Start of MATERIAL FOR THE TASK

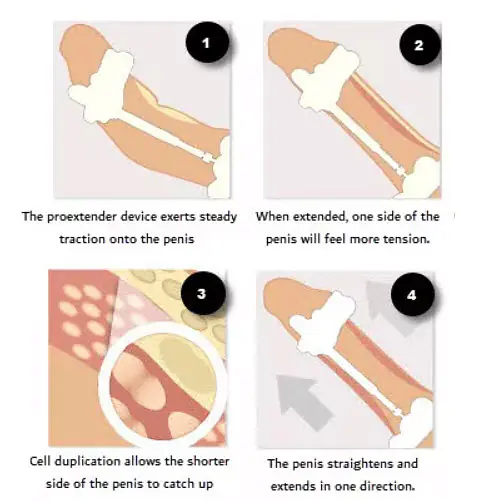 Passionate Pro Extender Penis Enlargement System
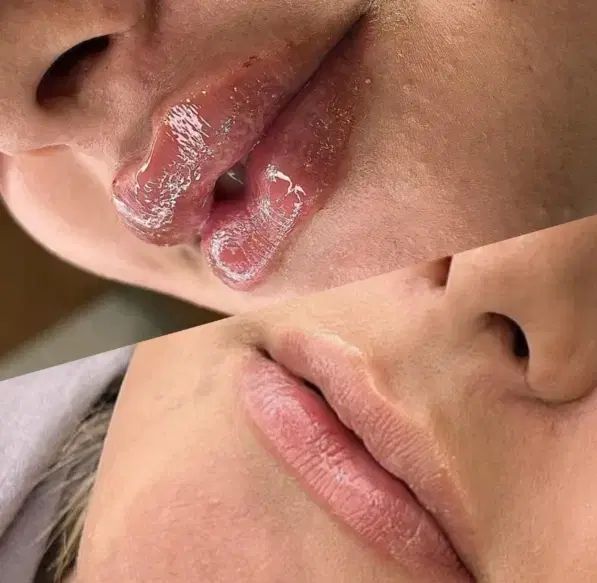 تزریق ژل لب و بوتاکس در کلینیک زیبایی آیلین در تهران_مشاغل ممتاز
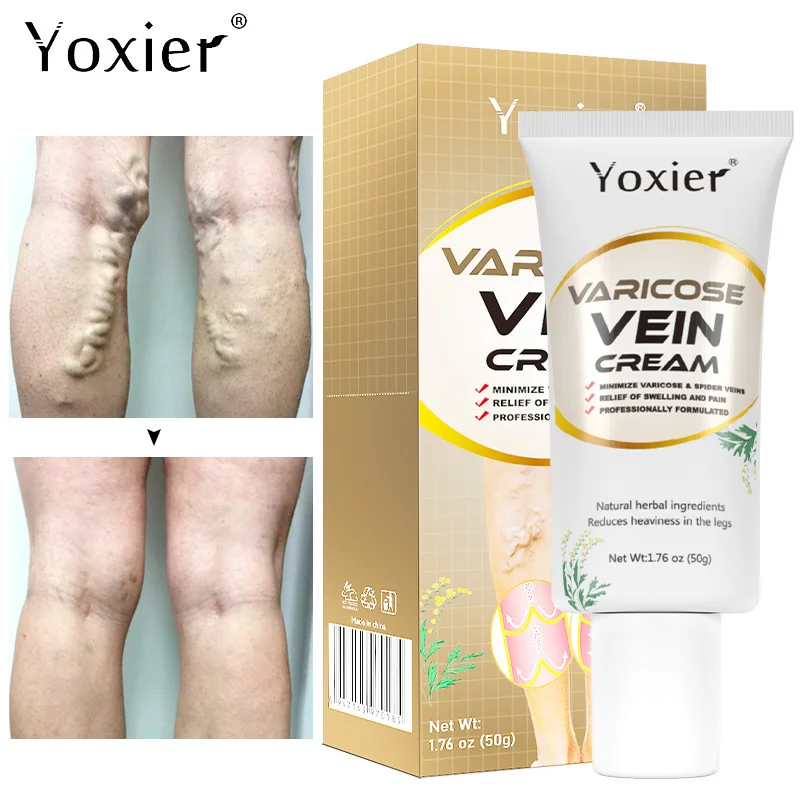 Varicose Vein Repair Cream Soothing Pain Relief Phlebitis Spider Vein Improves Blood Circulation Herbal Body Skin Care Products
Varicose Vein Repair Cream Soothing Pain Relief Phlebitis Spider Vein Improves Blood Circulation Herbal Body Skin Care Products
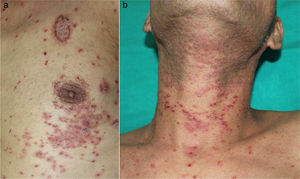 Cutaneous rash, elementary lesions.
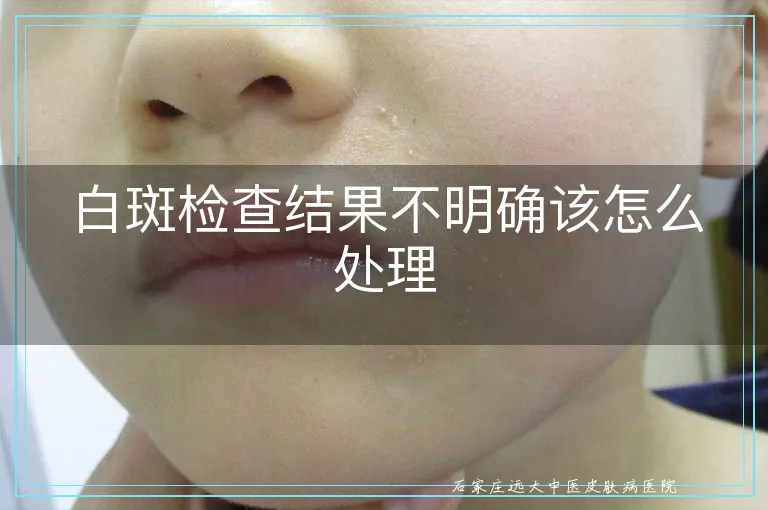 白斑检查结果不明确该怎么处理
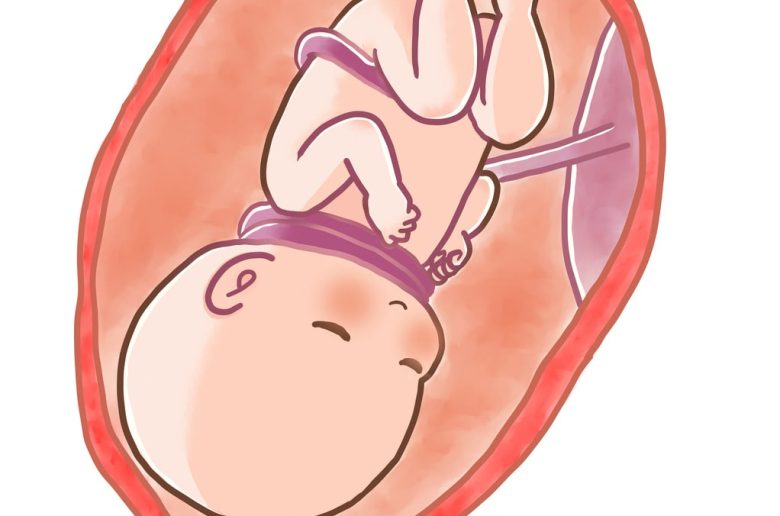 التفاف الحبل السري حول رقبة الجنين التفاف الحبل السري حول رقبة الجنين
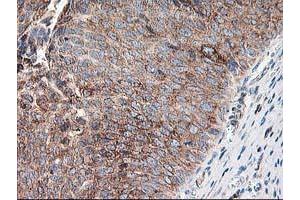 Image no. 9 for anti-Ribophorin 1 (RPN1) antibody (ABIN1500748)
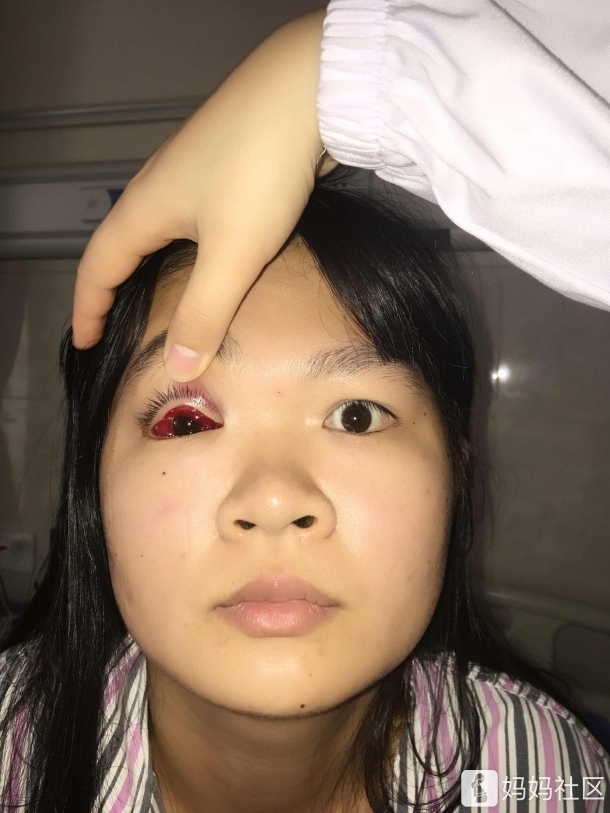 想了好久终于决定去做了斜视手术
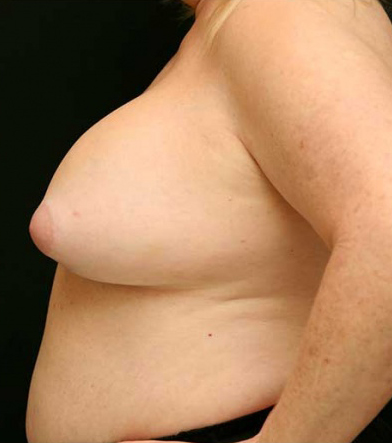 Breast Lift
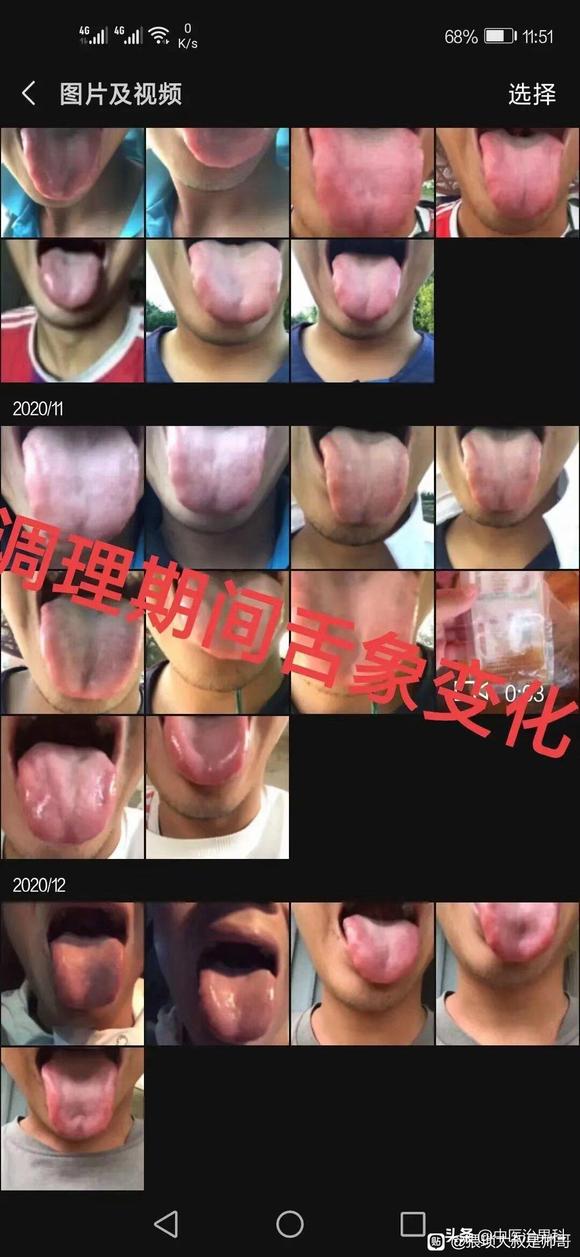”肾虚不能乱吃药，一定要找专业#中医##戒色#中医治疗
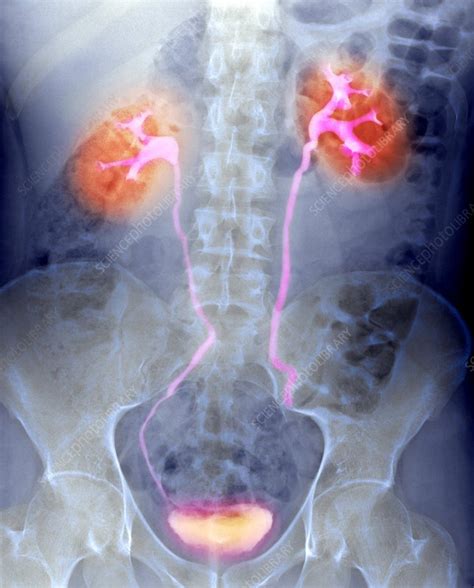 Urinary System X Ray Stock Image P5560078 Science Photo Library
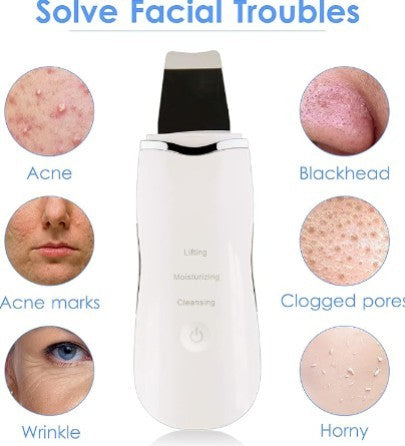 3-in-1 Ultrasonic Facial Skin Scrubber
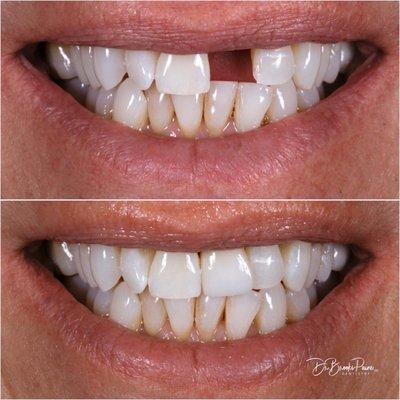 Before/After Natural Implant Crown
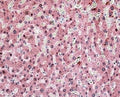 IHC testing of FFPE human liver with ITIH4 antibody at 4ug/ml. HIER: steamed with pH6 citrate buffer, AP-staining.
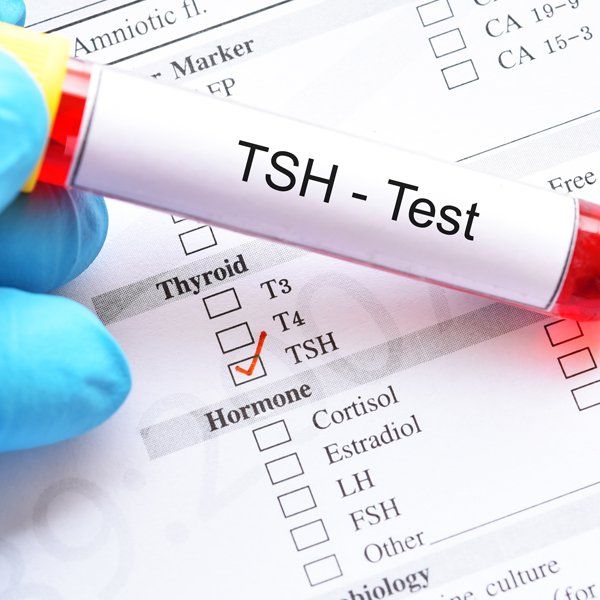 Hypothyroid Disorder Treatment in NYC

End of MATERIAL FOR THE TASK

◆ THE PROBLEM ◆
Copy exactly the lines from the one containing "Breast Lift" through the last line of the records above, including both, and omit every picture.

◆ EXERCISE RESPONSE ◆
 Breast Lift
”肾虚不能乱吃药，一定要找专业#中医##戒色#中医治疗
 Urinary System X Ray Stock Image P5560078 Science Photo Library
 3-in-1 Ultrasonic Facial Skin Scrubber
 Before/After Natural Implant Crown
 IHC testing of FFPE human liver with ITIH4 antibody at 4ug/ml. HIER: steamed with pH6 citrate buffer, AP-staining.
 Hypothyroid Disorder Treatment in NYC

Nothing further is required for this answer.